Of course, there are much more elaborate and complex tests: cardiac calcium scoring and coronary computed tomography angiography (CCTA), cardiac magnetic resonance imaging (MRI), or even a heart positron emission tomography (PET) scan. Or, there is invasive coronary angiography, which I do not approve of by the way.
All these methods have been known for a long time, but some of them are not popular in our country. However, the main diagnostic and even treatment method in cardiology is communication between the doctor and the patient, mutual trust and agreement on examination and treatment tactics. But there is no time for this left in modern medicine.

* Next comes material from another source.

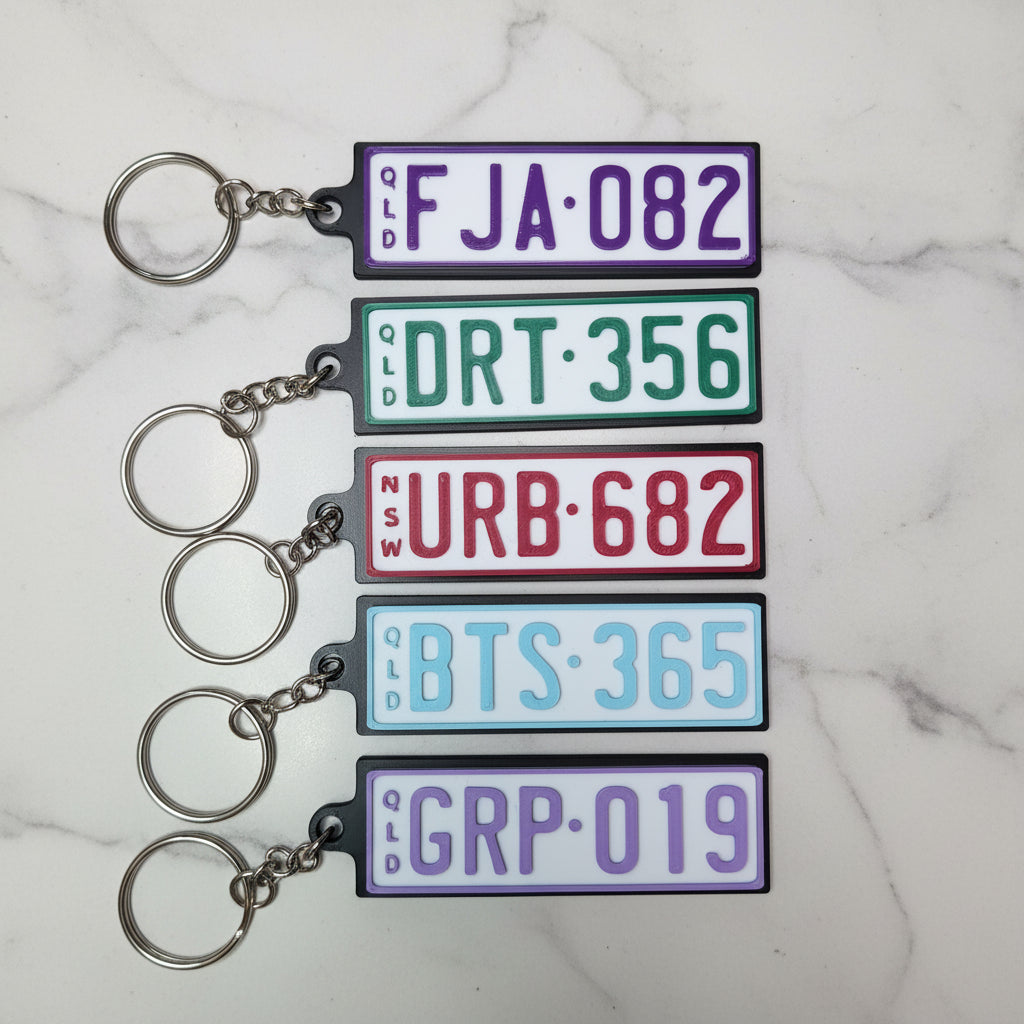 Five rectangular license plate keychains with metal key rings, shown on a marble background. Each plate has a different color and mock registration text.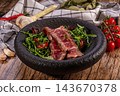 Sliced medium rare beef steak with arugula and cherry tomatoes in black stone bowl on rustic wooden table with garlic, chili and linen cloth, gourmet meat dish 143670378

However, we cannot provide care to patients without a thorough and detailed explanation of the importance of lifestyle changes, compliance with recommendations, the need for long-term, sometimes lifelong, intake of specific medicines, serious diagnostic or therapeutic procedures, or even heart surgeries.

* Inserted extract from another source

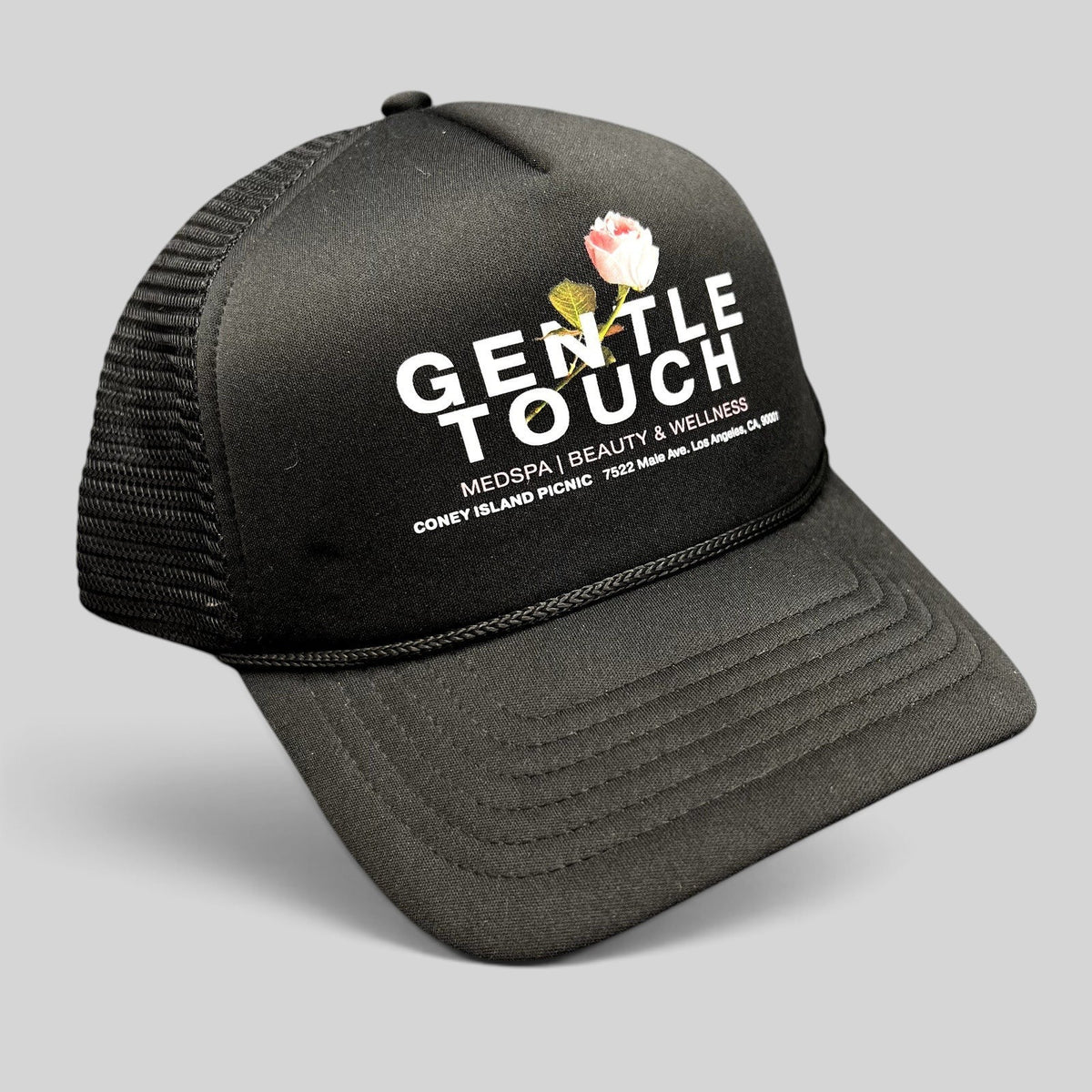 Raree Finds black Coney Island Picnic trucker hat with Gentle Touch MedSpa rose graphic and adjustable snapback closure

To improve service provision in the primary health care, MSU has developed a special system that helps to collect information on a patient’s physical condition: it obtains and analyzes the main physiological indicators and vital signs in just 7–10 minutes using our software and hardware. This research field is, indeed, important, it is supervised by the head of our medical center, academician Armais Kamalov. By using our risk assessment algorithms, we can identify moderate- and high-risk patients who need to be further examined in more detail and probably treated. I think that if such programs are implemented into our healthcare system more widely, the results must be positive. At the moment, unfortunately, mortality from circulatory diseases remains unacceptably high, and COVID-19 has also contributed to this. We have something to work on and something to strive for, and sooner or later we will defeat cardiovascular diseases, I am sure of that, but to do so we must work very hard and rigorously.